From: zhiguojiang <justinjiang@vivo.com>
To: David Hildenbrand <david@redhat.com>,
Andrew Morton <akpm@linux-foundation.org>,
linux-mm@kvack.org, linux-kernel@vger.kernel.org,
Will Deacon <will@kernel.org>,
"Aneesh Kumar K.V" <aneesh.kumar@kernel.org>,
Nick Piggin <npiggin@gmail.com>,
Peter Zijlstra <peterz@infradead.org>,
Arnd Bergmann <arnd@arndb.de>,
Johannes Weiner <hannes@cmpxchg.org>,
Michal Hocko <mhocko@kernel.org>,
Roman Gushchin <roman.gushchin@linux.dev>,
Shakeel Butt <shakeel.butt@linux.dev>,
Muchun Song <muchun.song@linux.dev>,
linux-arch@vger.kernel.org, cgroups@vger.kernel.org,
Barry Song <21cnbao@gmail.com>
Cc: opensource.kernel@vivo.com
Subject: Re: [PATCH v3 2/2] mm: tlb: add tlb swap entries batch async release
Date: Mon, 9 Sep 2024 22:43:58 +0800 [thread overview]

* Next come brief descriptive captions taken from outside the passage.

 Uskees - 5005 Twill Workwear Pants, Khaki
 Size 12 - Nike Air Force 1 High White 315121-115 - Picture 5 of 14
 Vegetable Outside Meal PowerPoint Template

Message-ID: <d8445378-4eb2-4d5c-b3b8-1e1a5a3b1458@vivo.com> (raw)
In-Reply-To: <f58950cd-dbe3-4629-ac92-30c76db7849a@redhat.com>
在 2024/9/9 14:49, David Hildenbrand 写道:
> On 05.08.24 17:36, Zhiguo Jiang wrote:
>> One of the main reasons for the prolonged exit of the process with
>> independent mm is the time-consuming release of its swap entries.

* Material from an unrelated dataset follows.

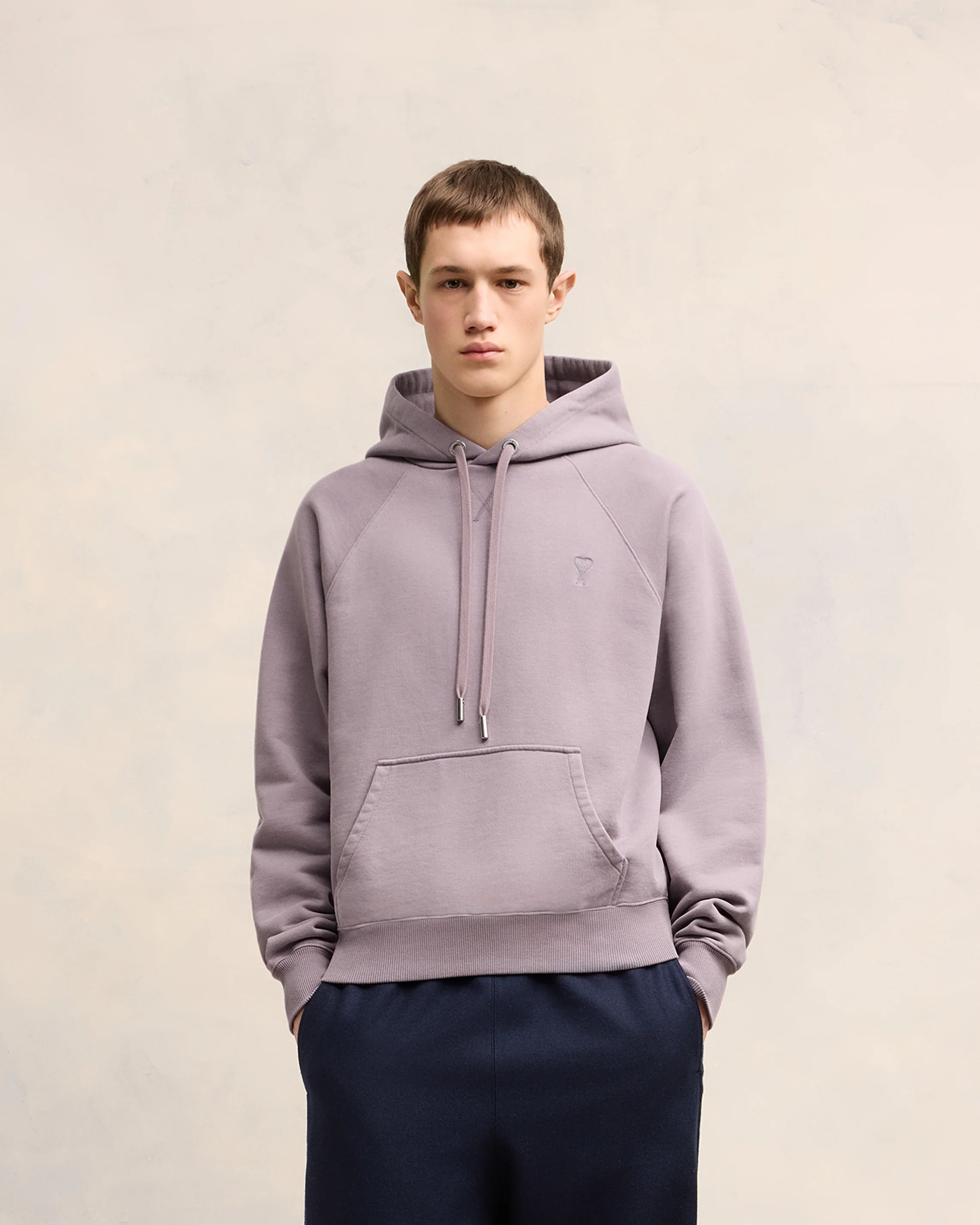 Lilac Ami De Coeur Hoodie - leoleo123123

>> The proportion of swap memory occupied by the process increases over
>> time due to high memory pressure triggering to reclaim anonymous folio
>> into swapspace, e.g., in Android devices, we found this proportion can
>> reach 60% or more after a period of time. Additionally, the relatively
>> lengthy path for releasing swap entries further contributes to the
>> longer time required to release swap entries.
>>
>> Testing Platform: 8GB RAM
>> Testing procedure:
>> After booting up, start 15 processes first, and then observe the
>> physical memory size occupied by the last launched process at different
>> time points.
>> Example: The process launched last: com.qiyi.video
>> | memory type | 0min | 1min | 5min | 10min | 15min |
>> -------------------------------------------------------------------
>> | VmRSS(KB) | 453832 | 252300 | 204364 | 199944 | 199748 |
>> | RssAnon(KB) | 247348 | 99296 | 71268 | 67808 | 67660 |
>> | RssFile(KB) | 205536 | 152020 | 132144 | 131184 | 131136 |
>> | RssShmem(KB) | 1048 | 984 | 952 | 952 | 952 |
>> | VmSwap(KB) | 202692 | 334852 | 362880 | 366340 | 366488 |
>> | Swap ratio(%) | 30.87% | 57.03% | 63.97% | 64.69% | 64.72% |
>> Note: min - minute.
>>
>> When there are multiple processes with independent mm and the high
>> memory pressure in system, if the large memory required process is
>> launched at this time, system will is likely to trigger the
>> instantaneous
>> killing of many processes with independent mm. Due to multiple exiting
>> processes occupying multiple CPU core resources for concurrent
>> execution,
>> leading to some issues such as the current non-exiting and important
>> processes lagging.
>>
>> To solve this problem, we have introduced the multiple exiting process
>> asynchronous swap entries release mechanism, which isolates and caches
>> swap entries occupied by multiple exiting processes, and hands them over
>> to an asynchronous kworker to complete the release. This allows the
>> exiting processes to complete quickly and release CPU resources. We have
>> validated this modification on the Android products and achieved the
>> expected benefits.
>>
>> Testing Platform: 8GB RAM
>> Testing procedure:
>> After restarting the machine, start 15 app processes first, and then
>> start the camera app processes, we monitor the cold start and preview
>> time datas of the camera app processes.
>>
>> Test datas of camera processes cold start time (unit: millisecond):
>> | seq | 1 | 2 | 3 | 4 | 5 | 6 | average |
>> | before | 1498 | 1476 | 1741 | 1337 | 1367 | 1655 | 1512 |
>> | after | 1396 | 1107 | 1136 | 1178 | 1071 | 1339 | 1204 |
>>
>> Test datas of camera processes preview time (unit: millisecond):
>> | seq | 1 | 2 | 3 | 4 | 5 | 6 | average |
>> | before | 267 | 402 | 504 | 513 | 161 | 265 | 352 |
>> | after | 188 | 223 | 301 | 203 | 162 | 154 | 205 |
>>
>> Base on the average of the six sets of test datas above, we can see that
>> the benefit datas of the modified patch:
>> 1. The cold start time of camera app processes has reduced by about 20%.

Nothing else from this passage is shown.